A brief look at “advanced” statistics from The Citadel’s 2016 SoCon campaign

This is a post primarily about the “Five Factors” of college football.

What are the Five Factors? I’ll let Bill Connelly of SB Nation explain:

…I’ve come to realize that the sport comes down to five basic things, four of which you can mostly control. You make more big plays than your opponent, you stay on schedule, you tilt the field, you finish drives, and you fall on the ball. Explosiveness, efficiency, field position, finishing drives, and turnovers are the five factors to winning football games.

  • If you win the explosiveness battle (using PPP), you win 86 percent of the time.

  • If you win the efficiency battle (using Success Rate), you win 83 percent of the time.

  • If you win the drive-finishing battle (using points per trip inside the 40), you win 75 percent of the time.

  • If you win the field position battle (using average starting field position), you win 72 percent of the time.

  • If you win the turnover battle (using turnover margin), you win 73 percent of the time.

Those percentages were based on 2013 FBS data. It’s now 2017, but they probably still apply. Connelly has made adjustments to some of the formulas that go into the five factors, but the basic principles remain the same.

What I wanted to do was see how The Citadel’s 2016 SoCon season looked when the Five Factors were taken into account. I’ve already gone over a bunch of stats in my annual post on per-play numbers, conversion rates, etc., but this is something I haven’t tried to calculate before.

It wasn’t easy, either. FCS statistics for the categories mentioned above basically don’t exist online (at least, I certainly didn’t find any of consequence). The fact the Southern Conference does not have league-only online stats didn’t help.

However, I put together a small package for The Citadel’s season. It is far from perfect, and may not mean much to some people (perhaps for good reason).
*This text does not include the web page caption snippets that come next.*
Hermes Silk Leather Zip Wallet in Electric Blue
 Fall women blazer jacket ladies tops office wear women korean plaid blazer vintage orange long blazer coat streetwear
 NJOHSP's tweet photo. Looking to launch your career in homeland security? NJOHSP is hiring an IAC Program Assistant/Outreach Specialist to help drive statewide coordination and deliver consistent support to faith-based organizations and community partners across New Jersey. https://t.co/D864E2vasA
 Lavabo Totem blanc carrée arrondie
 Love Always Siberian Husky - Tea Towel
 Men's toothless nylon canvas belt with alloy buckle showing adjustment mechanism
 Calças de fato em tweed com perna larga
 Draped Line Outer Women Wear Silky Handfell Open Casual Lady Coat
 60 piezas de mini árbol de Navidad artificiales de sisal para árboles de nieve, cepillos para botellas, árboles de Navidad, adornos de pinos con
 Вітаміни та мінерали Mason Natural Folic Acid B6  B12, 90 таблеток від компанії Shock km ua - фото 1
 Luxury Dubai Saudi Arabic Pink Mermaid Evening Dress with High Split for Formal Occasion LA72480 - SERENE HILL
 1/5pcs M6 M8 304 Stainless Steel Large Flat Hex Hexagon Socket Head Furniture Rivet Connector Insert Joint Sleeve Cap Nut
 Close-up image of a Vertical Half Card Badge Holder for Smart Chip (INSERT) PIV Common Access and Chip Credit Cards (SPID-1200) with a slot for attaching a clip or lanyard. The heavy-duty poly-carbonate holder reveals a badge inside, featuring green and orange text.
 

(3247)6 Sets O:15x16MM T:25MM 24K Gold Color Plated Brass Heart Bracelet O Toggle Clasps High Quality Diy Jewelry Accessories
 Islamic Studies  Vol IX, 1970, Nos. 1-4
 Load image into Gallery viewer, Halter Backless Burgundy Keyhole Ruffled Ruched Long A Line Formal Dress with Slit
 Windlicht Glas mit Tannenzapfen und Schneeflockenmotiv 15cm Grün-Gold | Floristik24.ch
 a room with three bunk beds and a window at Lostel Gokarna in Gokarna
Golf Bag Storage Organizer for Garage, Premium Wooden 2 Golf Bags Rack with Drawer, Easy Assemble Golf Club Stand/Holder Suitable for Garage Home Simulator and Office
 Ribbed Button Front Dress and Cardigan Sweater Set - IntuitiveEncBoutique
There are still almost two months before the opening kickoff, though. So at the very least, it’s better than not talking about football at all.

I’m going to go over the Five Factors now. Afterwards, there are three other statistical categories of note I wanted to briefly discuss. One of them in particular struck me as worth mentioning.

First things first: a spreadsheet! The spreadsheet includes individual game statistics for all of these categories.

Again, a reminder — these stats are for SoCon games only. Also, overtime statistics are not included.

Also, I’m going to use FBS numbers for comparison purposes throughout this post, mainly because there are no FCS equivalent stats online. I’m guessing that if FCS stats were available, they would be similar to those from FBS. At least, I hope so…

Field position

I think field position is possibly the easiest of the Five Factors to understand. The one thing to think about with field position is this: you measure an offense’s effectiveness (in terms of field position) by the starting field position of its defense (and vice versa).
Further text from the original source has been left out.